As development teams continue to adopt microservices and distributed systems, observability becomes increasingly important to managing services, troubleshooting issues, and keeping track of your production environment. With the rise of cloud computing, the cost of monitoring has never been lower; however, observability solutions tend to be costly and can be difficult to set up. Opensearch offers an open-source solution that promises to make observability easier than ever before. Here’s how it works.
What is observability?
In a nutshell, observability is about how your application works from a technical perspective. It encompasses tools and techniques that allow you to gain visibility into your systems, allowing you to understand their behavior and identify abnormalities. On one hand, observability is a new term for something that’s been around for a long time. Logging has been around since logging was invented. After all, if it wasn’t useful there wouldn’t be much point in it! But as technology has evolved from batch-oriented monolithic applications on physical hardware towards distributed systems deployed as code on virtualized infrastructure, new challenges have emerged with regards to troubleshooting and debugging those systems.
Why opt for opensearch?
Opensearch is a completely open and vendor-neutral standard that provides you with full observability and management of your data. It also works with your existing SIEM and analytics tools, which makes it ideal for large organizations that need a quick way to ingest data from multiple sources.
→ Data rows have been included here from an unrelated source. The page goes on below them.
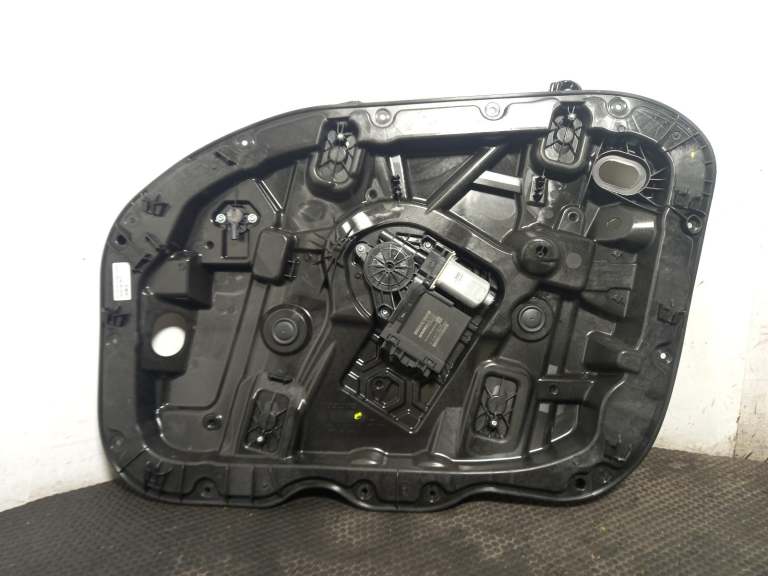 Volvo Xc40 Window Regulator O/S 2018-2026 5 Door Estate Front Rh 30747092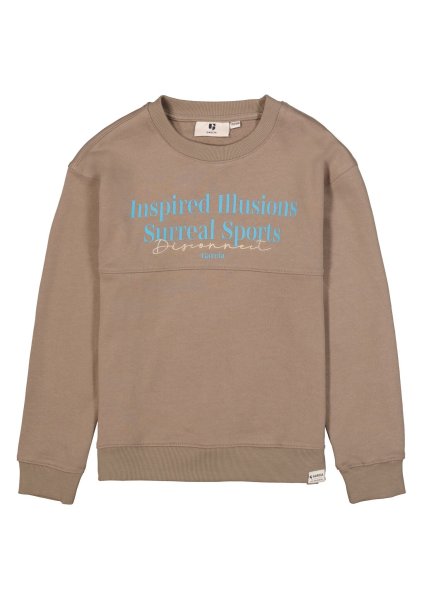Garcia Sweatshirt 10824742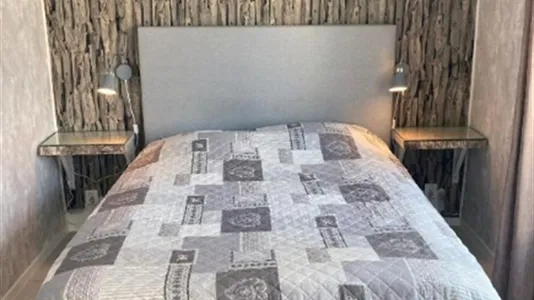 Hus i Gotland - foto 15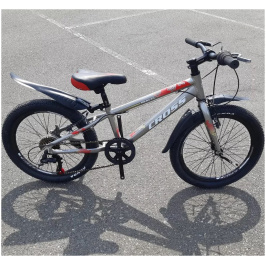 photo_2023-02-03_16-18-36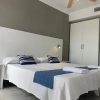 Отель Náutico Aparthotel, фото 10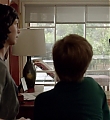 homeland-1x04-sc-176.jpg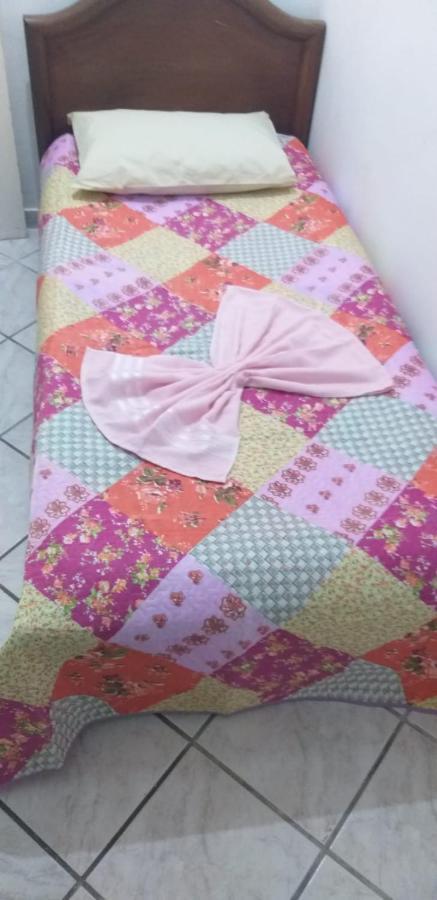 Willa Casa De Aluguel Em Guarapari Es Wifi Gratis Zewnętrze zdjęcie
For developers, opensearch provides a standard interface for interacting with metadata about code dependencies without having to write code. That means less time writing code and more time building functionality. In other words, OpenSearch helps maximize developer productivity – making it an attractive prospect for any organization big or small.
Setting up opensearch
If you’re deploying a new application and want it to be observable, we recommend setting up Opensearch right away. Setting up Opensearch will allow you to ingest logs from your application using search filters. This is essential for understanding what’s happening with your application in real time so that you can react quickly when things go wrong. If you have a lot of different microservices running on multiple hosts, sending data from each host independently may not scale well. Sending logs from a single source means that all of your data is in one place and saves some headache later on when you want to begin searching through it. Logging services such as Beat agent, Logstash or Fluentd can also be used instead of Opensearch if needed.
The Jelastic certified template is created for every mentioned open-source stack (OpenSearch, OpenSearch Dashboards, Logstash). Certified images are used instead of custom ones to make all the Jelastic-specific functionality available for users (password reset, service restart, re-deploy, cloning, migration, log viewing, managing firewall). These 3 templates are united into the one auto-clustered solution by the auto-clustering JPS.
Ingest your data
You can ingest data into OpenSearch with many useful tools, including Logstash. Logstash is an application for managing events and logs. Although it was initially created by Elasticsearch, it now has support for other products, such as Apache Kafka and Amazon Kinesis. It ingests data from nearly any source using a variety of methods, including TCP/UDP sockets and file system hooks (e.g., S3 or FTP). Once your data is in Logstash, you can run simple or complex queries on that data for better visibility into problems or trends in your application environment. Look for yourself the list of available agents: https://opensearch.org/docs/latest/clients/agents-and-ingestion-tools/index/
Create your first dashboard
Create your first real-time dashboard by ingesting data from Opensearch. Follow these basic steps in order to get a real-time feed of your data in a matter of minutes. Begin by logging into your OpenSearch account and selecting a collection in which you’d like to view metrics. Next, add a search to a new or existing app in which you have an interest, such as Kubernetes. In Kubernetes, add labels for each key metric that is being collected, such as CPU usage and memory utilization.
Add alerting capability
We saw that you can easily add alerting to Opensearch, allowing Ops teams to create notifications based on specific events. For example, if an application fails to start, an alert can be generated and sent out via email or Slack. But while Opensearch comes with a range of simple rules for finding failed instances quickly, users may want something more powerful than alerts. With our Auto-Scale feature, you can configure Opensearch so that if an instance fails multiple times in a specified period of time (e.g., three failures in 15 minutes), it is automatically scaled down! This keeps your application running efficiently while reducing your costs.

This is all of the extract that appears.